Talking to young children about difficult topics
Talking to your children about difficult subjects is one of the toughest jobs any parent has. It can feel impossible to put into words some of the really big issues. But in today’s age of constant notifications, streaming video, and 24-hour news coverage—when even the small children are exposed to really serious stories—it’s important to face this challenge head-on.
Addressing the tough stuff makes the kids feel safer, strengthens the bond and teaches them about the world. When you show them how to gather and interpret information, ask questions and cross-check sources, they become critical thinkers. When they learn about something scary or unsettling, most parents get that deer-in-the-headlights feeling. But it’s a good idea to use your children’s age and developmental stage as a guide to starting conversations, because they absorb information differently as they grow from babies to teens.
Young children don’t have enough life experience to understand the complex, difficult topics. They’re very sensitive to parent’s emotional states and can worry that they did something to make them upset. This makes it challenging to explain big issues.
- Keep the news at bay. We should do what we can to limit small kids’ exposure to age-inappropriate subjects by turning off or muting the TV and choosing media that’s targeted to their age
- Reassure them with both words and gestures. We should say, “you’re safe. Mommy and daddy are safe. And our family is safe.” Hugs and snuggles also work wonders
- Address feelings—yours and theirs. We should say, “It’s okay to feel scared, sad, or confused. Those feelings are natural and we all feel them.” We can also try: “I’m upset, but not with you.”
- Find out what they know. The kids might not understand the issue very well. Ask them what they think happened before giving them any images
- Communicate that someone’s in charge. We should say, “Mommy and daddy will make sure nothing bad happens to our family.”
Children in this age group can read and write, hence they get exposed to age-inappropriate content more often. But younger children in this range are still a little shaky on what’s real and pretend. As they gain abstract-thinking skills and the ability to express themselves, children can grapple with difficult subjects and understand different perspectives.
- Wait for the right moment. At this age, children are still very likely to come to us if they’ve heard about something frightening. We can feel them out to decide if they want to discuss something, but if they don’t bring it up, we should not feel that we have to broach difficult subjects until they ask.
- Find out what they know. Ask children what they’ve heard, or if their friends at school are talking about something. Answer the questions simply and directly, but don’t try to over-explain. That could make them more scared.
- Create a safe space for discussion. Say, “these topics are hard to discuss, even for adults. Let’s just talk. I won’t be mad. I want you to feel free to ask anything you want.”
- Address their curiosity. If children stumble across grown-up material online, it might be time to find content that will let them learn about more mature subjects age-appropriately.

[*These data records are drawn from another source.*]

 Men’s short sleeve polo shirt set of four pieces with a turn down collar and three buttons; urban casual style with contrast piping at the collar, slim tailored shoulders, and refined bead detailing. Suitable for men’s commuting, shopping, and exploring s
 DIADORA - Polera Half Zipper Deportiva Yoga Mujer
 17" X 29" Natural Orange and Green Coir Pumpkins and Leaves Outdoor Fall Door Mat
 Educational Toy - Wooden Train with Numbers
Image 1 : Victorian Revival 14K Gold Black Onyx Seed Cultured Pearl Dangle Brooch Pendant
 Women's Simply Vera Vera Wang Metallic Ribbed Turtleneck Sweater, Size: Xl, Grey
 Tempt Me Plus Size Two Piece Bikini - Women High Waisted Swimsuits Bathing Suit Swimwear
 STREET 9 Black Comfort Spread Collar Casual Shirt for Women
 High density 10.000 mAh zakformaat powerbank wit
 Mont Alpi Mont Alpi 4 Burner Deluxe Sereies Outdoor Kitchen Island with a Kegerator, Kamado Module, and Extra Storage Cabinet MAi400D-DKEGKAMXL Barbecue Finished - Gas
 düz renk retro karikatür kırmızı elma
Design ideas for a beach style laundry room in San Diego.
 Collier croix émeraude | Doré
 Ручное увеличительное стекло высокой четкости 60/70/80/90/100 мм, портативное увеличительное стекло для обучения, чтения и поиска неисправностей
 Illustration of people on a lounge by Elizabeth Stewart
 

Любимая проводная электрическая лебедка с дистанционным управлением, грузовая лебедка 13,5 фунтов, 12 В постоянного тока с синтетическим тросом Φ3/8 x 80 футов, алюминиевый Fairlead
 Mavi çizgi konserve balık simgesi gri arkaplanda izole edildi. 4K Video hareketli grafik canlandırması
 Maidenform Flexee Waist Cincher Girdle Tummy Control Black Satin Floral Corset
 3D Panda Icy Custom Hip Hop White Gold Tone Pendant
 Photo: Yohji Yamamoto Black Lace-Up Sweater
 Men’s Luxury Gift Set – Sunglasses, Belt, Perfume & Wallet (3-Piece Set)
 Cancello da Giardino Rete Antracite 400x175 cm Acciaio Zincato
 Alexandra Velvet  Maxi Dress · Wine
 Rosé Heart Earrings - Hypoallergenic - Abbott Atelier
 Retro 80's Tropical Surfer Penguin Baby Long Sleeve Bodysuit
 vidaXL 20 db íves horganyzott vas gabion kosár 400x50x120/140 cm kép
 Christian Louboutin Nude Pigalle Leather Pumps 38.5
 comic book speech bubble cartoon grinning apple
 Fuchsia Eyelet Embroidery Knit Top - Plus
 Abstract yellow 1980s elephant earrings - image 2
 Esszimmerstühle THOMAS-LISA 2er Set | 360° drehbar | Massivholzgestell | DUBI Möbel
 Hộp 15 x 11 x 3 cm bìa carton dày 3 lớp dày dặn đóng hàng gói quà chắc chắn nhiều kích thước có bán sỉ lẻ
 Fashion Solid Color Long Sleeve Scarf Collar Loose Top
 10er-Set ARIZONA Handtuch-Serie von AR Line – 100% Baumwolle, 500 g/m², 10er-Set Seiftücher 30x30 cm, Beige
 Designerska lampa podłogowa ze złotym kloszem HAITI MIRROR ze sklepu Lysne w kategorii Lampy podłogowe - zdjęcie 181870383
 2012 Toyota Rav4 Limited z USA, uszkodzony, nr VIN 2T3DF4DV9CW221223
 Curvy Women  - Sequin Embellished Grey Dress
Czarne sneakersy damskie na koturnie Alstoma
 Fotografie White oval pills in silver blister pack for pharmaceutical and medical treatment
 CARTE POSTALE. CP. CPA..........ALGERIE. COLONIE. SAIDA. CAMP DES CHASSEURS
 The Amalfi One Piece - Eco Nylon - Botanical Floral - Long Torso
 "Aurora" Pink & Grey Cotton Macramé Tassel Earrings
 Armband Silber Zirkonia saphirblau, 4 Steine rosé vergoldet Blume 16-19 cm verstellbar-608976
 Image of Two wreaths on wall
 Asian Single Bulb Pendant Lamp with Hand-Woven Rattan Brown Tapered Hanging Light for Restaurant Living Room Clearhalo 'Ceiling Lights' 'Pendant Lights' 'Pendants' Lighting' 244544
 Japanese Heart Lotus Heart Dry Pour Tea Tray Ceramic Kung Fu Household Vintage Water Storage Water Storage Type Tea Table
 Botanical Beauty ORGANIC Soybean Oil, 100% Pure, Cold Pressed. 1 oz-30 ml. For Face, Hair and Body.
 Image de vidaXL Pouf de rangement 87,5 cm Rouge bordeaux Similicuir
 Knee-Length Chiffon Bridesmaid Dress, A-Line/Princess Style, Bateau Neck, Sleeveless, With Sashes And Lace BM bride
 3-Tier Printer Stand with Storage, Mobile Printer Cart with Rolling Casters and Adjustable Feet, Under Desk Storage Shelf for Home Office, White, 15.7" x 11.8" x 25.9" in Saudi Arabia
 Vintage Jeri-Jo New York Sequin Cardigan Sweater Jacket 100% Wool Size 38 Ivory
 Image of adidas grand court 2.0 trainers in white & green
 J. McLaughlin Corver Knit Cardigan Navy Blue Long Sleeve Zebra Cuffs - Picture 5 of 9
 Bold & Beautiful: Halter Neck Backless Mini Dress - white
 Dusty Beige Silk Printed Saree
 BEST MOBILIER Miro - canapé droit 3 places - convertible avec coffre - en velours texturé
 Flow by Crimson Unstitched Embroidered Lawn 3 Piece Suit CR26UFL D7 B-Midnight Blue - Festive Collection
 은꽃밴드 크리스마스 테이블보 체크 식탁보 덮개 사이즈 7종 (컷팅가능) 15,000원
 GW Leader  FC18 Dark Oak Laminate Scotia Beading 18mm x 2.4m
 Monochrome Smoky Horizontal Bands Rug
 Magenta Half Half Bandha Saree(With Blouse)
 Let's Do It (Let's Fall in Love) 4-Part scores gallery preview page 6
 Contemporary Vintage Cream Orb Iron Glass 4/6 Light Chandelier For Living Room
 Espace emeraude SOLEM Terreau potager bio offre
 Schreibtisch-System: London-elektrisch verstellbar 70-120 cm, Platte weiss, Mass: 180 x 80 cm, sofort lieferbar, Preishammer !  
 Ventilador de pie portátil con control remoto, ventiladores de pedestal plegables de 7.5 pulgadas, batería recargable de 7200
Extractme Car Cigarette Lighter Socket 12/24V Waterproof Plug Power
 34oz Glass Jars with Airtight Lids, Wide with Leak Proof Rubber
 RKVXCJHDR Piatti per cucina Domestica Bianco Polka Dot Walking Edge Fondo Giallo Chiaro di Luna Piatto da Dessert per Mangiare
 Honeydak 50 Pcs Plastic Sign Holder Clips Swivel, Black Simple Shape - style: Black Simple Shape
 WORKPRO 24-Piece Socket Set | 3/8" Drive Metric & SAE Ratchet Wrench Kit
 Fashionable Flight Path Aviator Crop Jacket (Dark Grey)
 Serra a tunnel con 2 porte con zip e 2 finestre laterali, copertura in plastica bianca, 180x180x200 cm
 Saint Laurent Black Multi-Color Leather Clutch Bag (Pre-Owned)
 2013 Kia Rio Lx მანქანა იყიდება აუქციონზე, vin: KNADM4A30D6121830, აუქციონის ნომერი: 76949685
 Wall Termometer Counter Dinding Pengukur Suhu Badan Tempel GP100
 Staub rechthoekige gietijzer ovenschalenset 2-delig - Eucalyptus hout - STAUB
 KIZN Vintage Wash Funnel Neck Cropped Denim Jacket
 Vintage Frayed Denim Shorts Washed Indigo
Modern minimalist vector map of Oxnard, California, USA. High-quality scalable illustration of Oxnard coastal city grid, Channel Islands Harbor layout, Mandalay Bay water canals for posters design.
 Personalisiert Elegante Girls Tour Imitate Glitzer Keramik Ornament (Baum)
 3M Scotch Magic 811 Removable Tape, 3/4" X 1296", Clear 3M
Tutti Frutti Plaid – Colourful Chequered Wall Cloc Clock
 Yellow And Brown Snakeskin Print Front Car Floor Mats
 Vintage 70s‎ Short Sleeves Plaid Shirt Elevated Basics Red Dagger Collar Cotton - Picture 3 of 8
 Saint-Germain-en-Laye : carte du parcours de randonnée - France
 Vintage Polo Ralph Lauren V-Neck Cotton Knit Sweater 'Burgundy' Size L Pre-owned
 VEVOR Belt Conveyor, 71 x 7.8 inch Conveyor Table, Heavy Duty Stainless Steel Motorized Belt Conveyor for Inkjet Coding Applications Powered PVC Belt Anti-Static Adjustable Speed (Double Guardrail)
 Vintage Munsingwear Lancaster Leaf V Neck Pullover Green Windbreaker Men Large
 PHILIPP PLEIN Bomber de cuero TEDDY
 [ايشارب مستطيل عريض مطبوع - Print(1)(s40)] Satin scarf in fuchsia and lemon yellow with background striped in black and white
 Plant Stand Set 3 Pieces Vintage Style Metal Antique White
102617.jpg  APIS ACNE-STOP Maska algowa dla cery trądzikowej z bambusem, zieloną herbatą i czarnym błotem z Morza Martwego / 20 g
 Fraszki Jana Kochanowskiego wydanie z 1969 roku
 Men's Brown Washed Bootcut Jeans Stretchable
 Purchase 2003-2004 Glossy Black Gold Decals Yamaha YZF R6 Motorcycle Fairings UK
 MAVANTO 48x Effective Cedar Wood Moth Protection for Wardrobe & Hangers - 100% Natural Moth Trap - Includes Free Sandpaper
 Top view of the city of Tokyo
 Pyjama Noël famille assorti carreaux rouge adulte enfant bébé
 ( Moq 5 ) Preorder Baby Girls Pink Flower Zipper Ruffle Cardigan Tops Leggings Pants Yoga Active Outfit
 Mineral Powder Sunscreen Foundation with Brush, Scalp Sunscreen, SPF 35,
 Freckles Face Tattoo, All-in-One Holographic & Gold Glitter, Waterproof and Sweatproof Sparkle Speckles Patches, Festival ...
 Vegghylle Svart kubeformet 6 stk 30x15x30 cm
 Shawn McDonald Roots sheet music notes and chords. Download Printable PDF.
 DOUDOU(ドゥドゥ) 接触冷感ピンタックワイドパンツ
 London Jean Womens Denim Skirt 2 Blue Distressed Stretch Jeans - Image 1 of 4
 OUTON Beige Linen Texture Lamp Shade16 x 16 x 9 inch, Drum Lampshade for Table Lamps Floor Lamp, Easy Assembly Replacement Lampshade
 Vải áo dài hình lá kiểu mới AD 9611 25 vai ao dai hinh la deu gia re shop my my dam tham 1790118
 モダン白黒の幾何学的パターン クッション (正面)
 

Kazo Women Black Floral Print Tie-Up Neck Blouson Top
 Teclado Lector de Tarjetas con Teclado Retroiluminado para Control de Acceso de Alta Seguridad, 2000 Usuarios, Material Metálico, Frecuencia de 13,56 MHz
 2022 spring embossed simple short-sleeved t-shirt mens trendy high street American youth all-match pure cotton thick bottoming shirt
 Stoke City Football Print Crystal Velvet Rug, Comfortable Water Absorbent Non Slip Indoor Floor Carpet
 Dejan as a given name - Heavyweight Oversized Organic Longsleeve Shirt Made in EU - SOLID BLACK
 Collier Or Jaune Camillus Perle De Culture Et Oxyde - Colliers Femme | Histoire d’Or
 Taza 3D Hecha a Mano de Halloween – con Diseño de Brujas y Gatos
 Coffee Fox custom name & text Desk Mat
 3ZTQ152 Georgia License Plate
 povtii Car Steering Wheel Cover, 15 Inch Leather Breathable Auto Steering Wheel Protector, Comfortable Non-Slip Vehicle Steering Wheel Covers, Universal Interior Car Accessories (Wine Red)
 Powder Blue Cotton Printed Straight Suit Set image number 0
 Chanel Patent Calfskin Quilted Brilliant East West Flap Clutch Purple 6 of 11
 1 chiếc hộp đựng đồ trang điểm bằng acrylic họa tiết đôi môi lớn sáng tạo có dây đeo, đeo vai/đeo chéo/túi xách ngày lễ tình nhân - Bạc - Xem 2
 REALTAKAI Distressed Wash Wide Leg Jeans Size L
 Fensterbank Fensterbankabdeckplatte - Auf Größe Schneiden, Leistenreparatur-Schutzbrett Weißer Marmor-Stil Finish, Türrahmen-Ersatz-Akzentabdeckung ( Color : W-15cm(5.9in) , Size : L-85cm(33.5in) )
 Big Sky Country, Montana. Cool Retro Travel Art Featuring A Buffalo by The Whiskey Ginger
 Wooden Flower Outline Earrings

- Be sensitive to children’s emotions and temperament. We never know what may trigger the kids.
- Encourage critical thinking. By asking them open-ended questions we can get the children to think more deeply about serious topics. Ask, “what did you hear?” “what did it make you think?” and “why do you think that?”
So, it is up to us, the parents to see how we want to talk to our children on various issues and give them the utmost security. Because for a child nothing in the world means more than having that special bonding with their parents.